A while back I read Pascal Mercier’s ‘Night Train to Lisbon’ and, since I’m in Porto, Portugal and headed to Lisbon by train, I’ve been thinking about that intriguing and mysterious novel about philosophy and philosophical people. In it, a professor feels compelled to drop everything and go on a quest to learn about the author of a book that is fundamental to his life. It’s an odd story, but I remember feeling “compelled” to go along with the journey. This is funny because I’m often happier to keep the author (the actor, the painter, the sculptor) out of my appreciation for a work of art.

Backstory is often a big part of a sales pitch for a novel—written by a war hero, a victim of abuse, the prosecutor who put away the mad man, an insider’s viewpoint on politics, etc. and artists often become the subject of the story as much as their creations. The story of the creator becomes the story that supports the work of art.

I know I’m holding a minority opinion when I say I prefer that the biography of the artist take a back seat to the work of art. Most of the time I avoid the in-depth audio guides at museums, pick up the hand-out with the artist’s bio at a gallery AFTER I’ve admired the artworks, and I skip over the paragraphs in book reviews that are focused on the author’s non-writing credentials.
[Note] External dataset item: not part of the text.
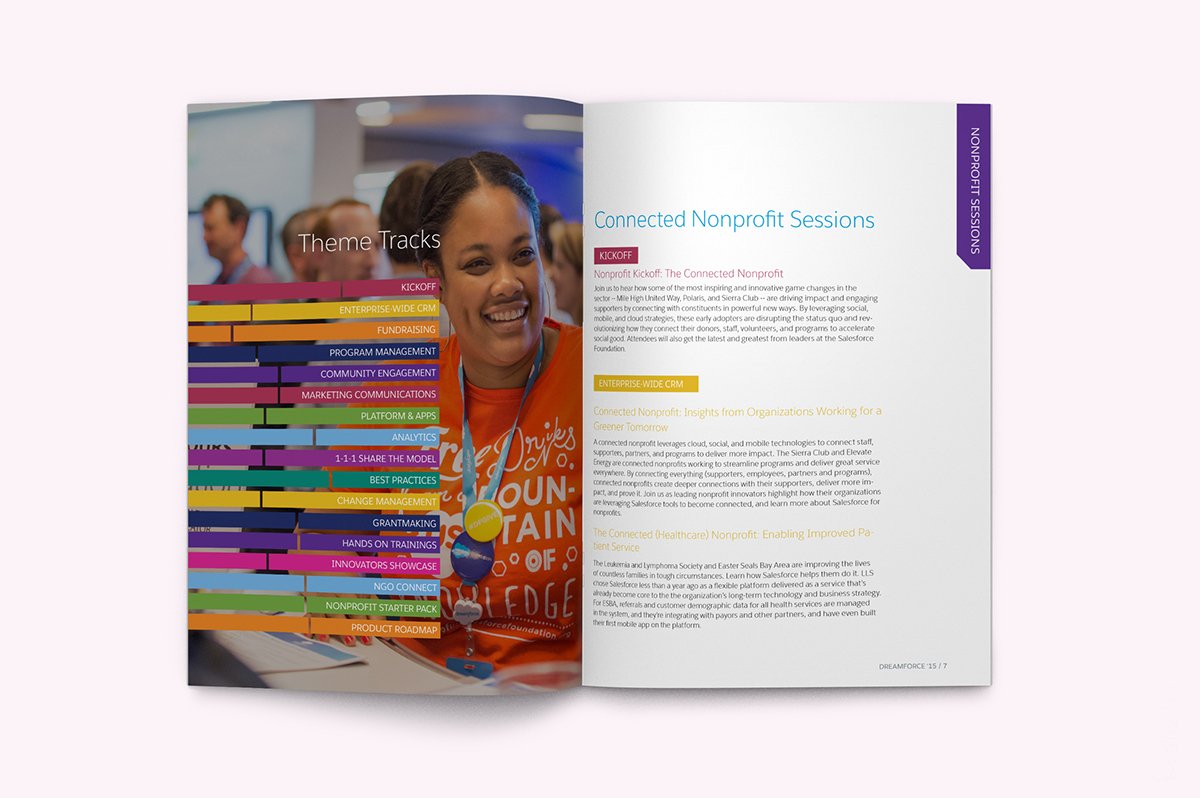 PDF design Program event program program design InDesign Salesforce foundation nonprofit book booklet design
What do you think of the importance artist’s backstory?

Porto Portugal…



  1. I agree with you. First the content [painting, sculpture, composition, novel etc] then, if I fall in love with the artist’s /work/ I’ll consider learning about him or her.
    The only time I did that in reverse was with the semi-autobiographical novels of Sir Dirk Bogarde [of Death in Venice fame]. I was a fan of his acting long before I even knew that he’d written some books. But after having read his writing, I fell in love all over again…with the prose.
    Sadly these days, the author becomes the brand and must sell his or herself before their work will be recognised. Crazy, mixed up world. 🙁

    • Candy Korman

      Yes, it’s all about branding. When my former agent suggested that I use Candy instead of Candida, it was a branding move. On the other hand, I’m pleased with the concept of Candy’s Monsters and will likely use Candida for the project I’m slowly, slowly writing now.
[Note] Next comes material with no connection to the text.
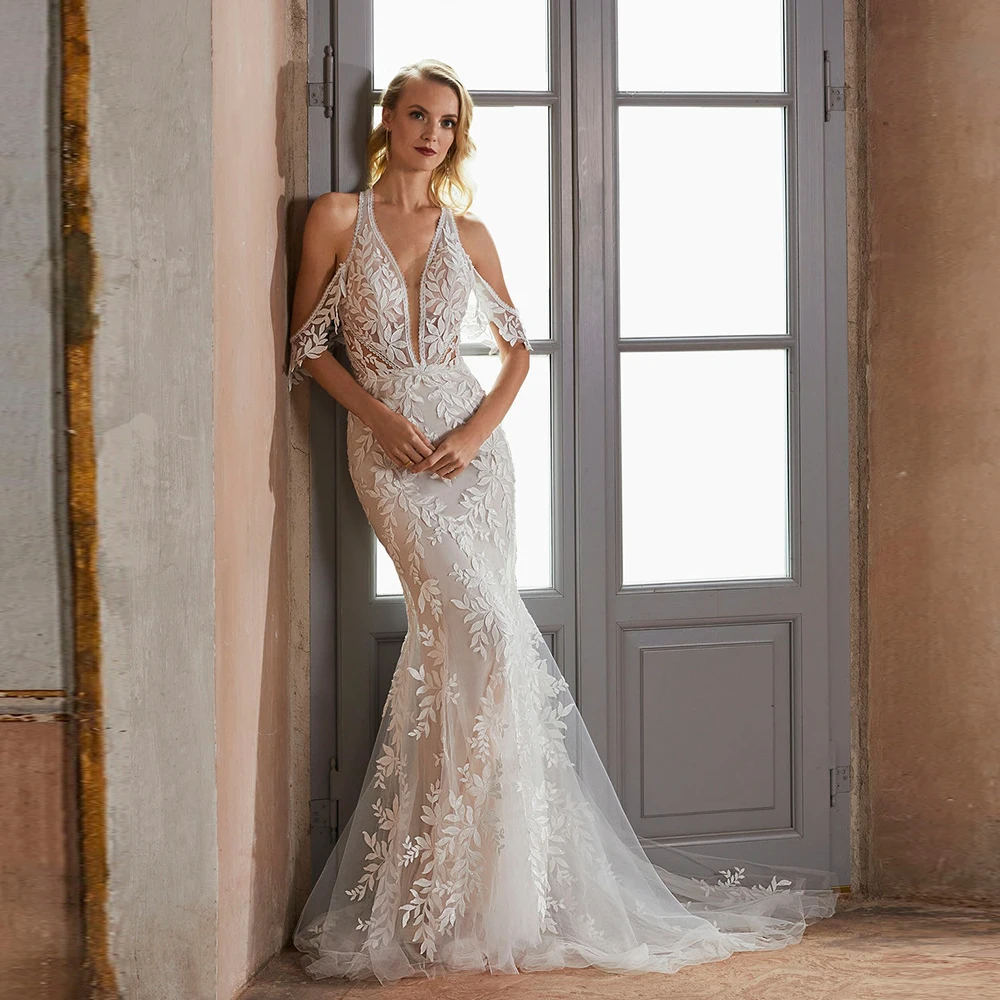 

Customized Off The Shoulder Wedding Dress V Neck Bridal Dress Charming Flower Applique Backless Mermaid Bridal Gown Vestidos De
      What’s in a name? A great deal. There’s the associations with the name (positive and negative) and the branding/backstory that creates an aura of success even if the books are not actually selling. In my professional, freelance writing life I find myself in situations in which I’m asked to help create brands. It’s interesting, but I’m still sad when it’s connected to art—any kind of art. As I want creativity to be more than content in support of a brand.